Beeson was among those to point out how this winter’s miserable weather — with record rainfall and colder-than-normal days in recent months — might have been a deterrent to home shopping.

Meanwhile, Snohomish County set a new price record for the second straight month, with a median of $425,000, up 10.4 percent from the previous year.

Joining the record-breaking club was the Eastside, which posted a median price of $870,000, or $38,000 more than last month’s record-breaking figure. Eastside prices were up 17.7 percent from a year ago.

Condo prices continue to accelerate the fastest, driven by demand for cheaper options. Seattle condos cost a median of $434,000 in March, up 14.2 percent from the previous year, although down a bit from a month prior.

Neighborhoods and towns seeing the biggest price jumps continue to generally be outlying areas that are heating up as more people get priced out of Seattle.

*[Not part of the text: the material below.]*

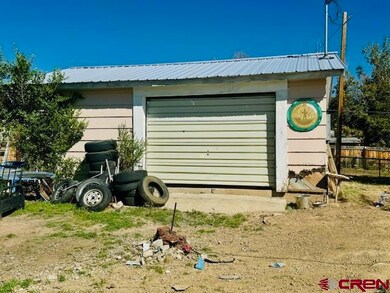 175 6th St, Cedaredge, CO 81413 - photo 2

The Skyway area saw the biggest increase, at 55 percent, followed by Renton-Benson Hill, at 32 percent. Areas that saw price increases of at least 20 percent include Jovita/West Hill Auburn, Federal Way, Sodo/Beacon Hill, Shoreline, Kenmore, the Eastside area south of Interstate 90, West Bellevue and Redmond.

Downtown Seattle and the Renton-Highlands/Kennydale area were the only places where prices decreased, while home costs in North Seattle and Burien increased only slightly.

J. Lennox Scott, chairman and CEO of John L. Scott, summed up the market by calling it “straight-up crazy.”

On the other hand, Kitsap County still lags its pre-recession high. Prices there were up just 3.1 percent in the last year — the smallest increase in more than two years — to a new median of $288,000.